Within 24 hours of the court decision, a party that was cleft into two factions suddenly went back to its status three years ago. Leaders who were caught on the wrong side had to slink back to their mother party.

Despite judicial interventions to scrap the NCP on Sunday, and to reinstate the House on 23 February, Nepali politics looks as confused as ever. To be sure, Prime Minister Oli suffered a setback with the House restitution, but he got a respite with the party re-split.

His erstwhile UML comrades Madhav Kumar Nepal and Jhalnath Khanal, who had defected to the Pushpa Kamal Dahal camp, have been forced to return to the fold.

The biggest relief must be felt by Chief Election Commissioner Dinesh Thapaliya, who had been undecided for over a month on whether the Oli or the Dahal faction would get the NCP party name and election symbol. He sprang into action after Sunday’s court verdict and scrapped the NCP altogether.

Even Dahal himself must be feeling less stressed now. The bruising political battles with an aggressive Oli was taking its toll, but he is now in sole control of his own independent party.

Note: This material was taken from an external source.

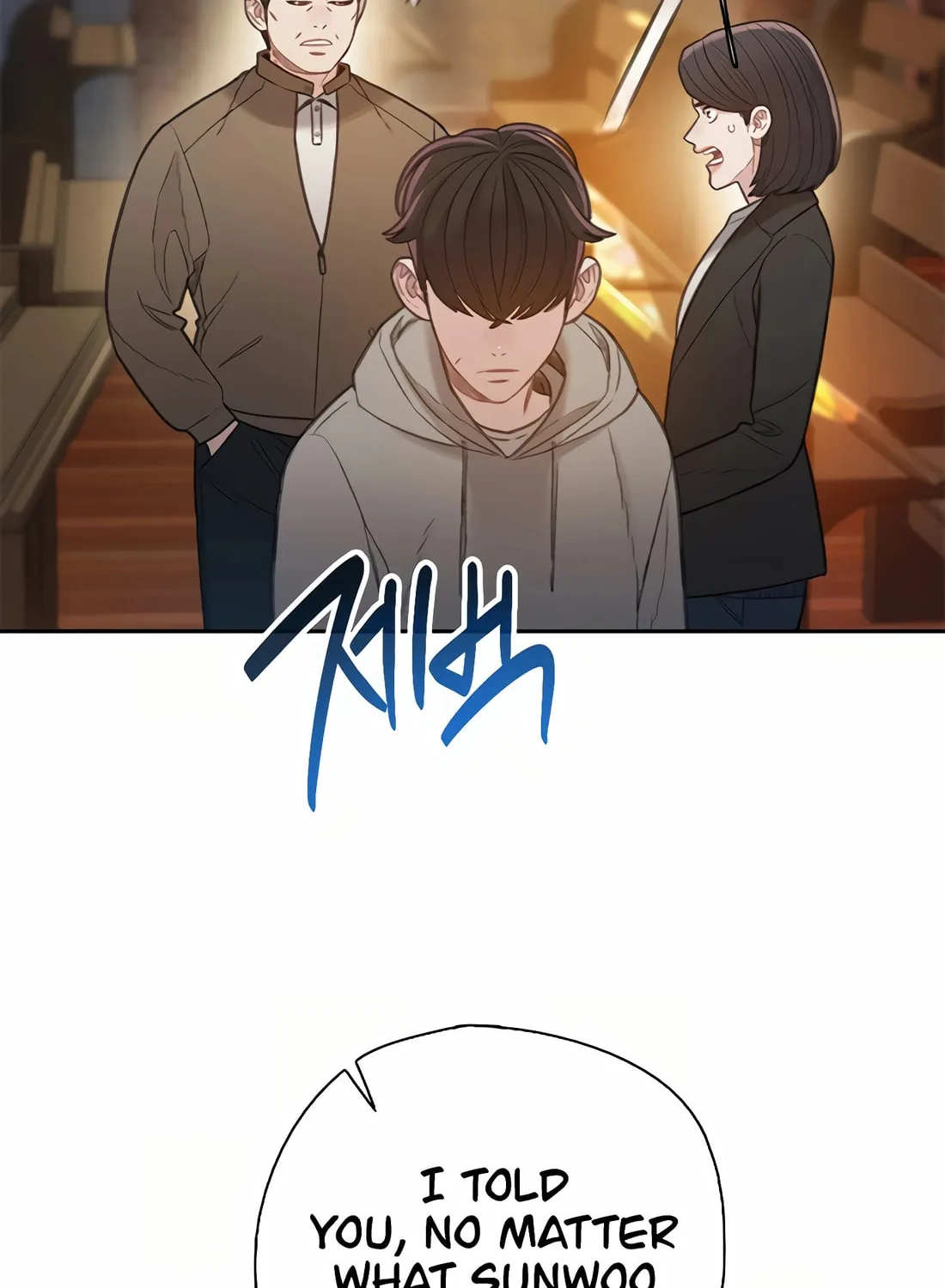 Read Preview chapter 30 image 88 on Lezhin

It is like he has moved from a big house of an abusive landlord to his own small shed.

The biggest, and sorest, losers must be Oli’s former UML comrades and former prime ministers Nepal, Khanal, and the firebrand MP from Achham, Bhim Rawal. The bad blood between them and Oli will surely affect the internal dynamics of the re-instituted UML.

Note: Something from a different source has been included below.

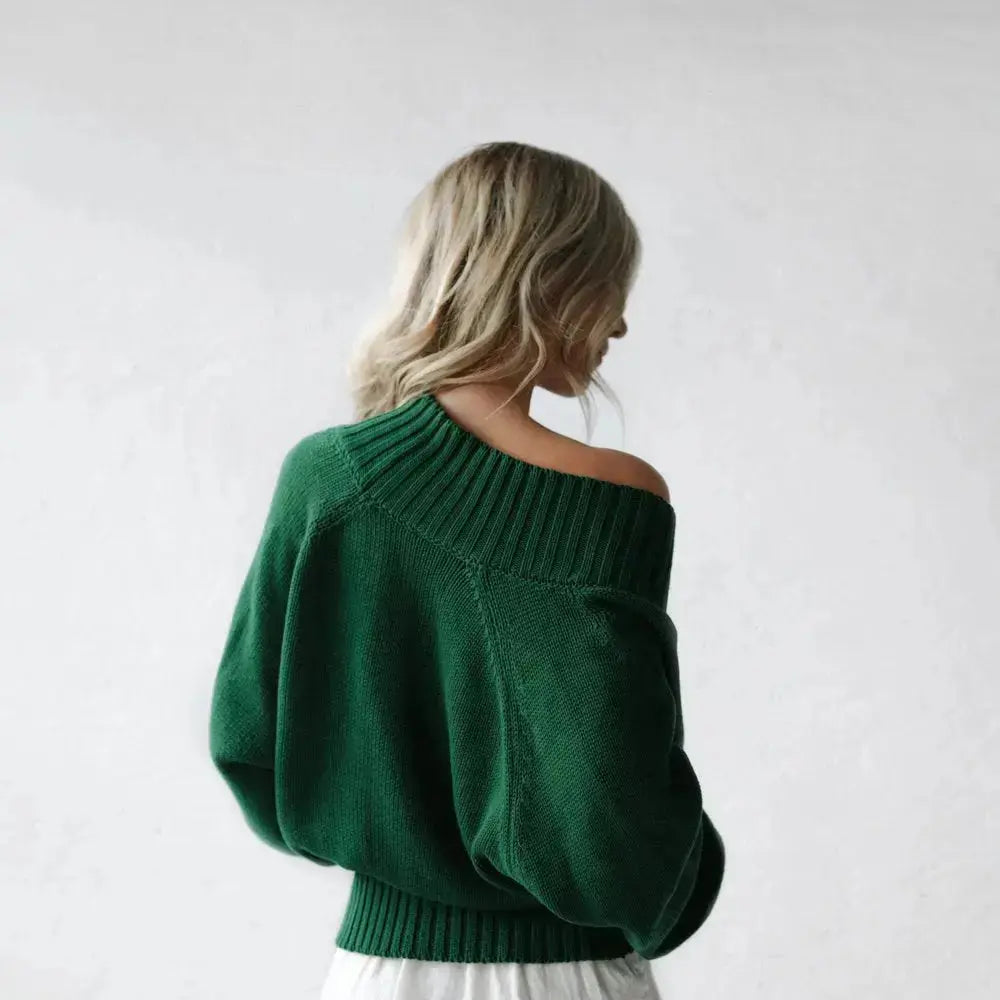Fuchsia recycled cotton cardigan by Seaside Tones Seaside Tones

The 7 March decision transformed Oli from a majority prime minister to a coalition leader. It is intriguing that even though the Maoist Centre has sent feelers to the Nepali Congress (NC) and the Janata Samajbadi Party (JSP) to form a coalition, it has not withdrawn its pre-unification support for the UML.

Oli himself just needs to win the support of the JSP to remain prime minister, while Dahal will need both the NC and JSP. Dahal is hedging his bets: he does not want to lose a no-confidence vote since he cannot push another one for a year, and Oli may once more suddenly announce early elections.

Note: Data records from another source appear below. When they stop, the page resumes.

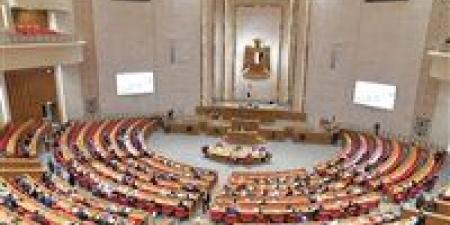 تشريع
      جديد
      يواجه
      جرائم
      الإنترنت
      ضد
      الأطفال..
      سجن
      مشدد
      للابتزاز
      بالذكاء
      الاصطناعي
      وحجب
      فوري
      للمواقع
      المخالفة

The wily Oli is already looking at the option of splitting the JSP vote to garner the number needed to stay on as prime minister. With 121 MPs in the House, Oli just needs 17 more votes to cobble a coalition, which he can get even if the rest of the JSP’s anti-Oli leaders are against joining. He can do that by agreeing to the JSP demand to free Resham Chaudhari, who is in detention for the Tikapur massacre of policemen in 2015.

The key player in the formation of the next government will be the JSP and not the NC or the Maoist Centre. In fact, the JSP can even form a government with the NC and the Maoists. Within the UML, the Nepal-Khanal camp do not have the numbers any more to challenge Oli till the next party convention.

Despite the involvement of the three organs of the state – the judiciary, the executive and the legislative – Nepal’s politics is more tangled than ever. When even a two-thirds majority government could not deliver on stability in the past three years, it would be foolish to expect a fragile coalition to do so now.

Which is why Oli may have been right: the best option may be fresh polls. If it is overseen by an all-party election government, it could deliver a fresh mandate and restore a derailed polity.